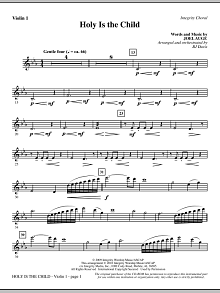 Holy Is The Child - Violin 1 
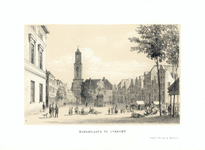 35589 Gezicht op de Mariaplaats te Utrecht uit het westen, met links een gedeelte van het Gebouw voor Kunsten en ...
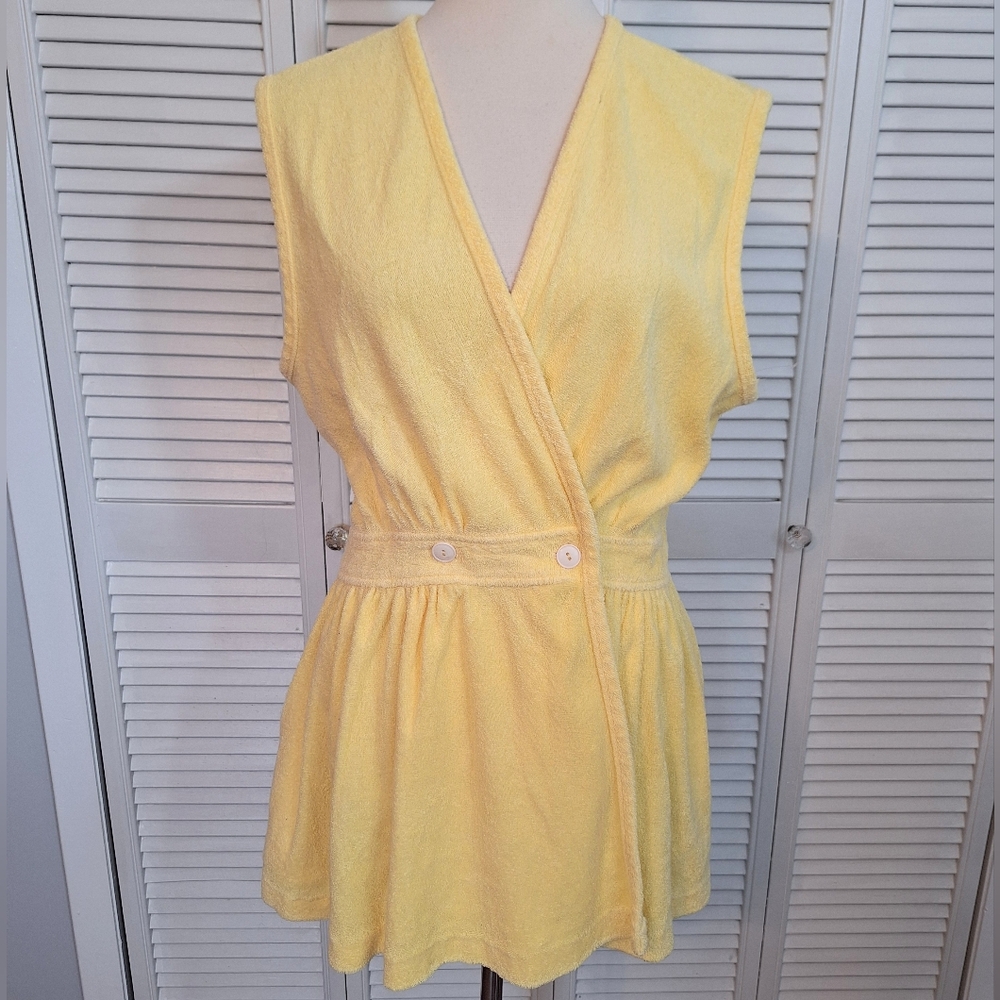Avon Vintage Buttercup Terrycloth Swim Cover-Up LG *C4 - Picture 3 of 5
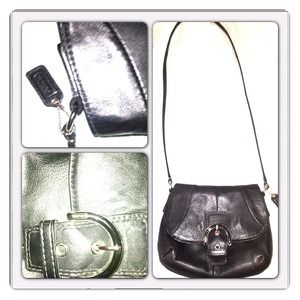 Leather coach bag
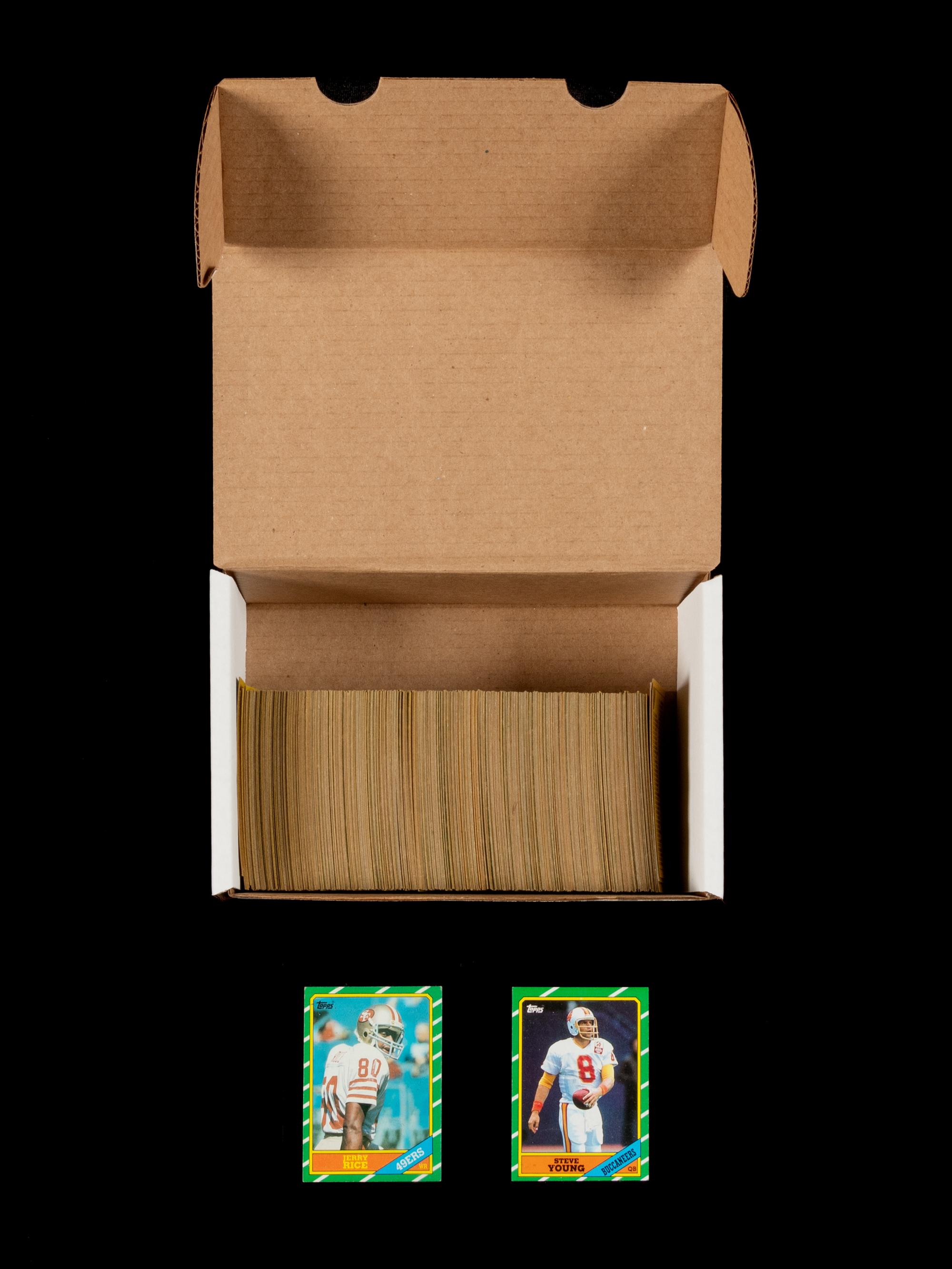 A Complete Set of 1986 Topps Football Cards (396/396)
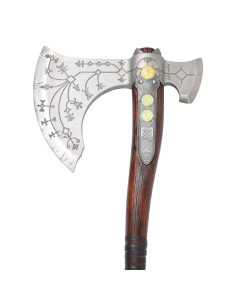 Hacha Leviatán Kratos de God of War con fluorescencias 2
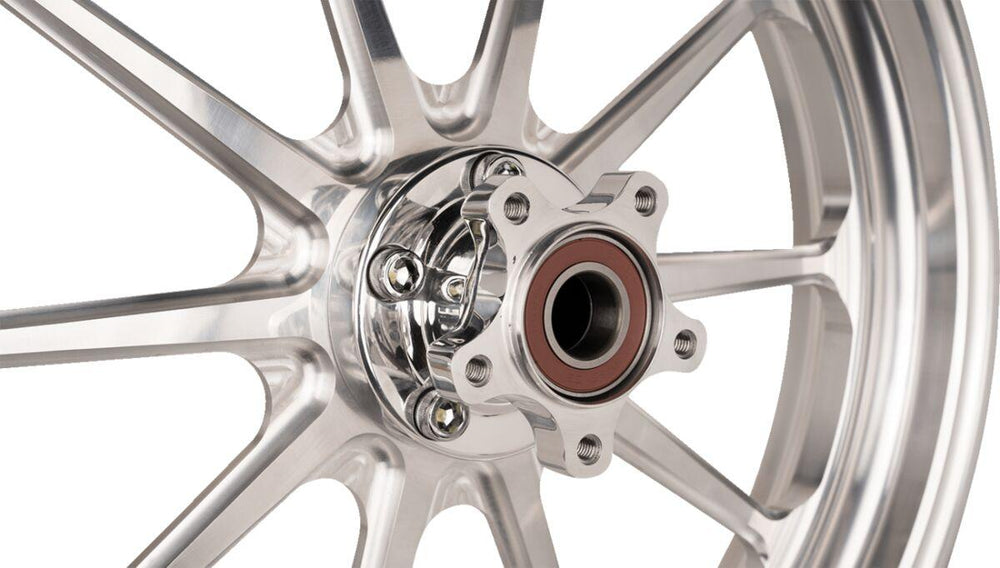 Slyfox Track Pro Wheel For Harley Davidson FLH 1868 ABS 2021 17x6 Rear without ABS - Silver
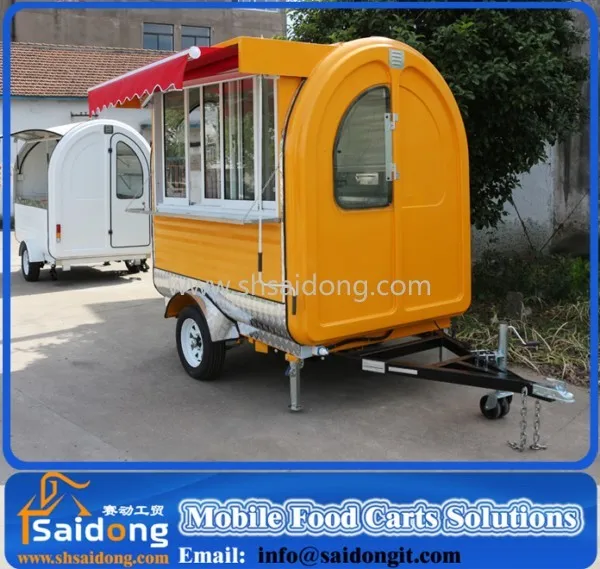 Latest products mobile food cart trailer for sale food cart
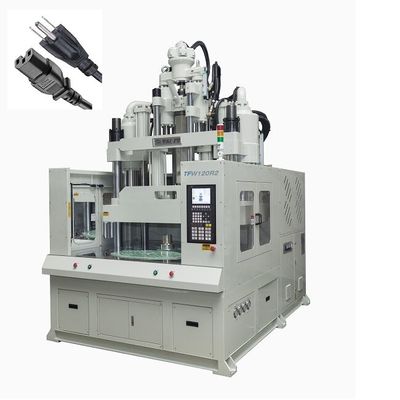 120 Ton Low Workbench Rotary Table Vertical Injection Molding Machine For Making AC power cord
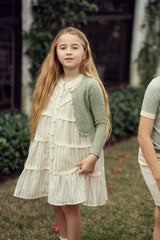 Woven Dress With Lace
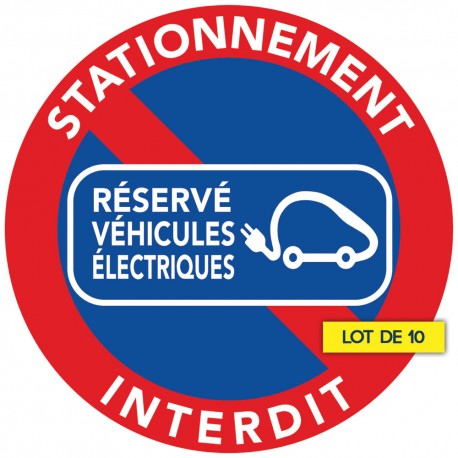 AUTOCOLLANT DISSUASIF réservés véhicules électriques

*TO DO:* Copy out the lines above from the line containing "Leather coach bag" through the line containing "Woven Dress With Lace", exactly, and keep the pictures out.

*TASK RESULT:*
 Leather coach bag
 A Complete Set of 1986 Topps Football Cards (396/396)
 Hacha Leviatán Kratos de God of War con fluorescencias 2
 Slyfox Track Pro Wheel For Harley Davidson FLH 1868 ABS 2021 17x6 Rear without ABS - Silver
 Latest products mobile food cart trailer for sale food cart
 120 Ton Low Workbench Rotary Table Vertical Injection Molding Machine For Making AC power cord
 Woven Dress With Lace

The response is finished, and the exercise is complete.